FarmSense Set for October 20 Launch as Stakeholders Confirm Readiness
With the launch of FarmSense set for October 20, partners and stakeholders have confirmed that the system is ready for deployment, following the sixth Local Management Committee (LMC6) meeting held on October 8.
The FarmSense project, part of the Africa Agri-Tech Knowledge Transfer Partnership (KTP), is designed to support smallholder farmers with soil analysis, crop recommendations, and nutrient planning through a combination of hardware, software, and machine learning.
During the meeting, it was announced that the team has secured additional funding from the UK’s Research and Innovation Systems for Africa (RISA) programme.
The funding will support commercialisation activities as the project transitions from development to deployment.
Isaac Sesi, CEO of Sesi Technologies and the project’s Business Lead, noted the importance of this funding and acknowledged the collaboration between KNUST and MMU.
He also highlighted the connections made with other KTP initiatives in Ghana.
Musah Ibrahim, the KTP finisher, presented a full technical update.
Key points included the completion of the second-generation FarmSense hardware, including sensor integration and field testing; finalisation of the mobile and web platforms, with backend systems, databases, and interfaces fully built; deployment of machine learning models for NPK inference, yield estimation, and crop recommendations; integration of a wallet system for subscription and payment management; and development of a large language model (LLM) to generate simplified reports for farmers.
Documentation for all major components has been completed. Field testing has validated system performance, and final refinements are being made based on user feedback.
John Clayton, KTP Advisor, commended the team for meeting and exceeding technical targets.

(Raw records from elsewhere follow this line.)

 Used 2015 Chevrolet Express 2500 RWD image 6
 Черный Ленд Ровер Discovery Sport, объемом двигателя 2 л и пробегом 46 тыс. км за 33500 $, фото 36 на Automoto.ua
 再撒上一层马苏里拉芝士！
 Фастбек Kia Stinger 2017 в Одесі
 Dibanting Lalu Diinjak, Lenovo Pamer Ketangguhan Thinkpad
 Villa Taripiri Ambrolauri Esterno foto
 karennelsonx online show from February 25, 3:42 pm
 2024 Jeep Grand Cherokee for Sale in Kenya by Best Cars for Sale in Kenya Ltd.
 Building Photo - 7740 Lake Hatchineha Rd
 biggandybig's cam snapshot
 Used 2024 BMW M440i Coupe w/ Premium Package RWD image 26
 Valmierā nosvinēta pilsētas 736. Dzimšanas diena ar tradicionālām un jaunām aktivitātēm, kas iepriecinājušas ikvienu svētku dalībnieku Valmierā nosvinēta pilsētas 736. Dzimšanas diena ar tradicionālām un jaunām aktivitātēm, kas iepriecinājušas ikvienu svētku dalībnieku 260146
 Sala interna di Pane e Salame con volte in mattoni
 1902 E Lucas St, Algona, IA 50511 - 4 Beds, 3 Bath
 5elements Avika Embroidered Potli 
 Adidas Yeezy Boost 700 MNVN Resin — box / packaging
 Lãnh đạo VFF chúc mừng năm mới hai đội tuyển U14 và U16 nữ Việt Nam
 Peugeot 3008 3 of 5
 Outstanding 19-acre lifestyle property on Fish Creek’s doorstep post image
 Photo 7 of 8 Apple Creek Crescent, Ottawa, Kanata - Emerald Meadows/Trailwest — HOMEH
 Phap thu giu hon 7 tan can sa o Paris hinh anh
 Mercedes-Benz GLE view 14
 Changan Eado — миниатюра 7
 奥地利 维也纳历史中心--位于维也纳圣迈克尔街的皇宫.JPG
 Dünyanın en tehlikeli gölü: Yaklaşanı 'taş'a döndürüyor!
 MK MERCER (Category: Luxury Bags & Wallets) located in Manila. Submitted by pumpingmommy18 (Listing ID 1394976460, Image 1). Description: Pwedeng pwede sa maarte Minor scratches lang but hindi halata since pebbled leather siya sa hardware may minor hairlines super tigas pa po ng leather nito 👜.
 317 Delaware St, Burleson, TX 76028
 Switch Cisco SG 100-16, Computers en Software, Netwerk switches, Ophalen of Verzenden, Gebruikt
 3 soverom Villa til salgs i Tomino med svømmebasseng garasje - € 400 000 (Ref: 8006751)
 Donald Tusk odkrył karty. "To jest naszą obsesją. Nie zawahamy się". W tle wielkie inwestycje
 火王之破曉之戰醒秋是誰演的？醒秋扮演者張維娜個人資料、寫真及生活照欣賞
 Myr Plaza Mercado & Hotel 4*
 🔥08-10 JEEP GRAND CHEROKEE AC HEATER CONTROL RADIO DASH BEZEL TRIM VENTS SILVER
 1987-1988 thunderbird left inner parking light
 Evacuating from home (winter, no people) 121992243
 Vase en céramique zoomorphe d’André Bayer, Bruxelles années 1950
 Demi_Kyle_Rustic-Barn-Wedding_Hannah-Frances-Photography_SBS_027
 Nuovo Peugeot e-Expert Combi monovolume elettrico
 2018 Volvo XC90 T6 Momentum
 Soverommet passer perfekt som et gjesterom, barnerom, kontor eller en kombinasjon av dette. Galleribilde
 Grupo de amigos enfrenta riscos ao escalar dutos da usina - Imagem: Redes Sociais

He stated that “the solution is ready to be introduced to farmers”.
Dr. Mohammed Al-Khalidi, MMU Knowledge Base Lead, and Prof.Ali Bashir, MMU Knowledge Base Supervisor, reiterated that the project team is pleased with the outcomes.
“Many of the accomplishments were not envisioned at the outset. The development has progressed rapidly and allowed for further outputs and improvements,” they said.
Prof. Eric Tutu Tchao, Scientific Director of Dipper Lab, led the academic team from KNUST and reported positive outcomes.
The models and frameworks developed are expected to lead to future research publications. The project is contributing to ongoing research in machine learning applications for agriculture and will also be used in future student projects.
As the launch approaches, the team will continue to collect data to improve model performance and explore feedback-based enhancements to the solution. Discussions are ongoing with other Agri-KTP projects for potential collaborations after launch.